Don Antonio, antifascismo e passione civica
Nel libro «Un prete da fucilare» la storia di Fasani da Lughezzano
Di quei fatti ci sono ancora i testimoni, come Leone Fasani, che all’epoca aveva solo 8 anni, o come qualcuno che tra il pubblico si è alzato con gli occhi rossi per dire: anch’io c’ero, o altri che nella repressione fascista alla Resistenza hanno visto sparire famigliari, come Bruna Morandini. La storia rievocata ieri sera in Biblioteca Capitolare è quella di don Antonio Fasani, arrestato mentre diceva messa nella chiesa di Lughezzano, di cui era parroco, una domenica, il 22 ottobre del 1944, e torturato, perché accusato dai fascisti di essere «positivamente implicato nelle attività dei ribelli della zona». E portandolo nella piazza di Lughezzano, i suoi aguzzini passarono davanti alla madre dicendole di salutare il figlio che andava a morire. Lei rispose dicendo soltanto: «La Madonna ha dato suo figlio morente, io do il mio». La paventata fucilazione per fortuna alla fine non ci fu. La sua storia, raccontata in appunti autografi, è stata pubblicata da Cierre a cura di Maurizio Zangarini, con la prefazione del nipote don Bruno Fasani, prefetto della Capitolare, con il titolo «Un prete da fucilare.
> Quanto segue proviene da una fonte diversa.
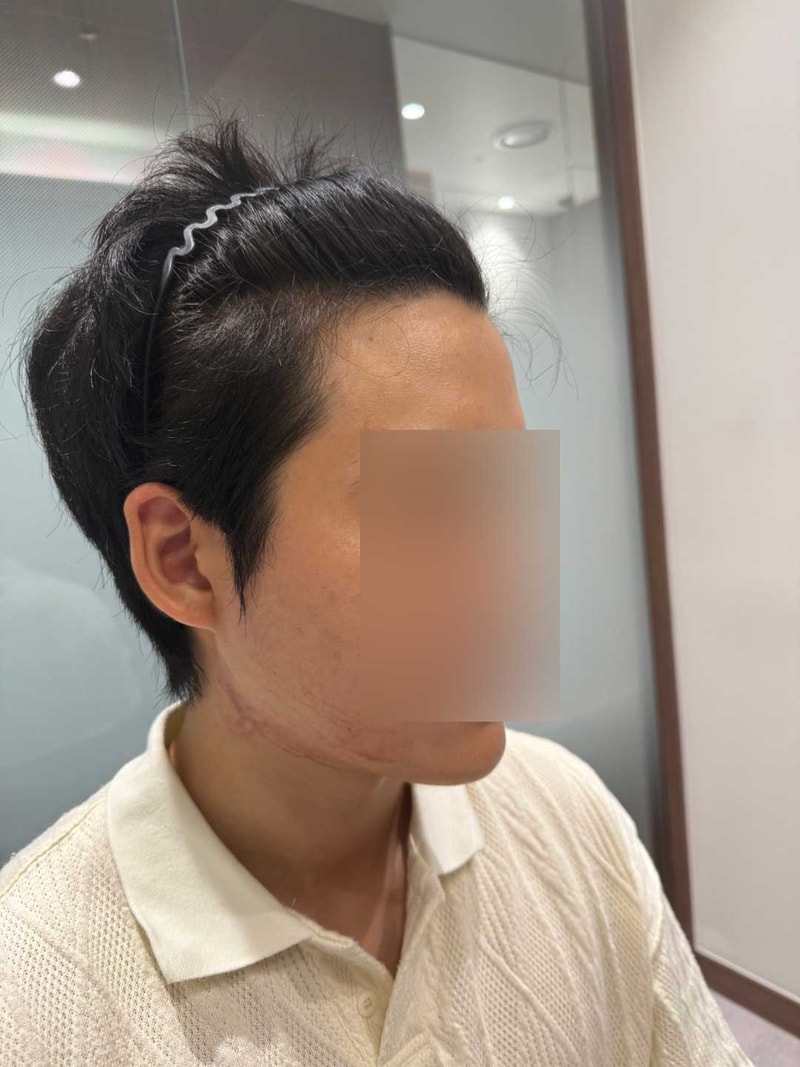 헤어라인교정 무삭발 비절개 모발이식 1일차 모원성형외과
Memorie di un parroco antifascista». Un prete che, il 10 giugno del 1940, si era rifiutato di suonare le campane per far accorrere i cittadini ad ascoltare le parole di Mussolini che annunciava la guerra contro l’Etiopia. «Le sue scelte – ha spiegato don Bruno Fasani – sono state pervase non da una passione ideologica o politica, ma da una passione civica e cristiana». Parole confermate da Olinto Domenichini che sulle memorie di Antonio Fasani ha compiuto una ricerca documentaria che dimostra l’esattezza dei suoi racconti, cosa che non sempre accade, come ha spiegato lo storico ricostruendo lo scenario di terrore e di conformismo ideologico che il parroco di Lughezzano si è trovato ad affrontare con le sue difficili scelte.